Job numbers in Prince Albert stay on track

The construction industry is facing a persistent downturn province-wide.

The monthly Statistics Canada labour force estimates came out Friday, and whether employment grew or fell, and whether things look good or bad depends on which numbers you look at and whom you speak to.

Prince Albert saw trends from previous months continue, with more people in the labour force this year. The city had an increase in both the number of people working and the number of people not working but looking for work. In order to count as unemployed, an individual must be looking for work.

The increase in the number of people looking for work appears to be driving the unemployment rate up, as the seasonally-unadjusted data shows the unemployment rate in February 2018 was eight per cent, but has since grown to 9.5 per cent. This is despite the number of people working growing by an estimated 400 people. An additional 400 people are looking for work as compared to this time last year. The percentages of people participating in the labour force and of people working both grew year-over-year. The employment rate went up by one percentage point and the participation rate by 2.1 percentage points.

Regionally, the data looks less rosy.

Despite the provincial government touting year-over-year employment increases in Regina (1,300 jobs or 0.9 per cent) and Saskatoon (6,500 jobs and 3.9 per cent), the data for Prince Albert and northern Saskatchewan economic region (with boundaries set by Statistics Canada) saw employment down and the number of people involved in the labour force (working or looking) also drop, meanwhile, the unemployment rate for the economic region went from 6.3 per cent to 7.9 per cent.

An even bigger number came from data used by Employment Insurance. The Northern Saskatchewan region, which includes Prince Albert, has an unemployment rate of 19.5 per cent over the last three months, according to EI. Of all the EI regions in Canada,  only Northern Manitoba and Nunavut have higher rates.

The picture is also murky if you look at Saskatchewan as a whole. Year-over-year, the province gained 9,100 jobs, an increase of 1.6 per cent.

“This marks the seventh consecutive month of strong job gains for the province and represents a record number of jobs for the month of February,” the Saskatchewan Party said in a press release.

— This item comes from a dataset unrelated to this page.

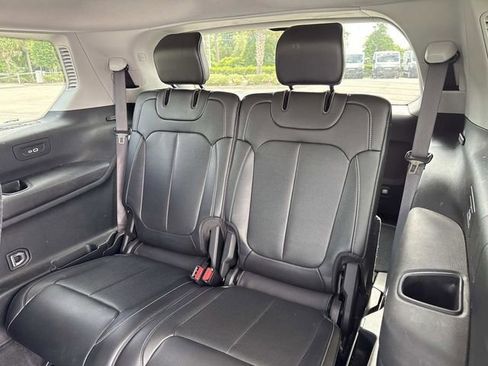 Used 2023 Jeep Grand Cherokee L Limited w/ Luxury Tech Group II RWD image 13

That job growth included increases in both full and part-time work. Saskatchewan’s unemployment rate remains at the national average of 5.8 per cent.

Month-to-month, though, seasonally-adjusted numbers don’t look so good. As pointed out by the opposition NDP, Saskatchewan has shed 1,300 jobs. The province actually gained an estimated 200 jobs, putting the full-time job losses at 1,500 since between January and February.

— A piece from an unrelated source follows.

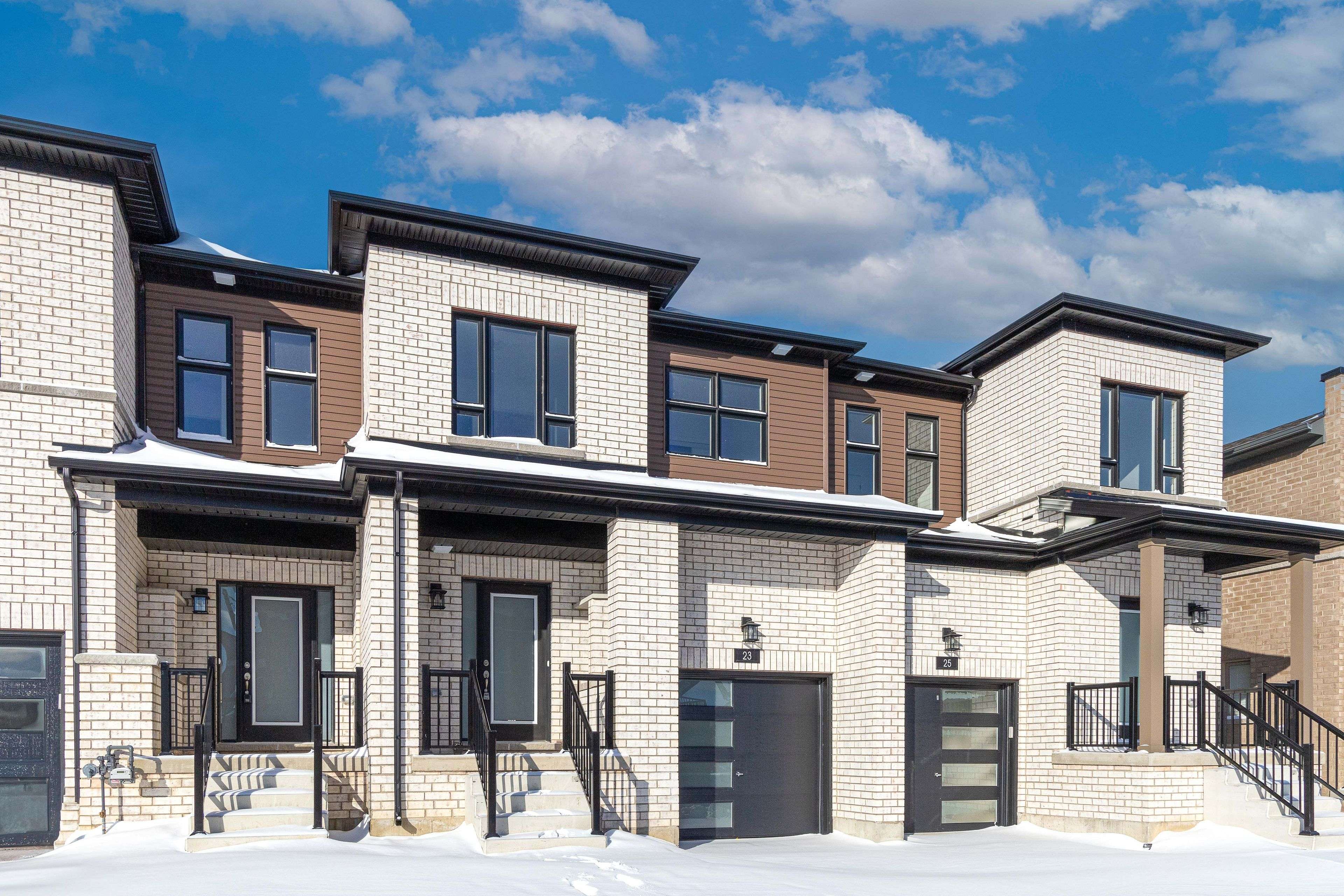 Barrie, ON L4N 6K7,23 Evergreen TER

Increases have been seen in health care and social services, as well as finance, insurance, real estate, leasing and agriculture since last year. Construction, though, has seen job losses. The NDP used the opportunity to all for the PST on construction to be scrapped.

“Protecting Saskatchewan jobs starts with scrapping the Sask. Party’s PST hike on construction labour, reinstating the film employment tax credit that was cut, and fixing the government’s flawed procurement policies that shut out Saskatchewan workers and businesses,” said NDP finance critic Trent Wotherspoon in a press release.

Nationally, Canada saw job growth on both a monthly and an annual basis. Employment was up 56,000 in February, growing 369,000, or two per cent, as compared to last year. That growth came in both full and part-time work. The unemployment rate was unchanged at 5.8 per cent.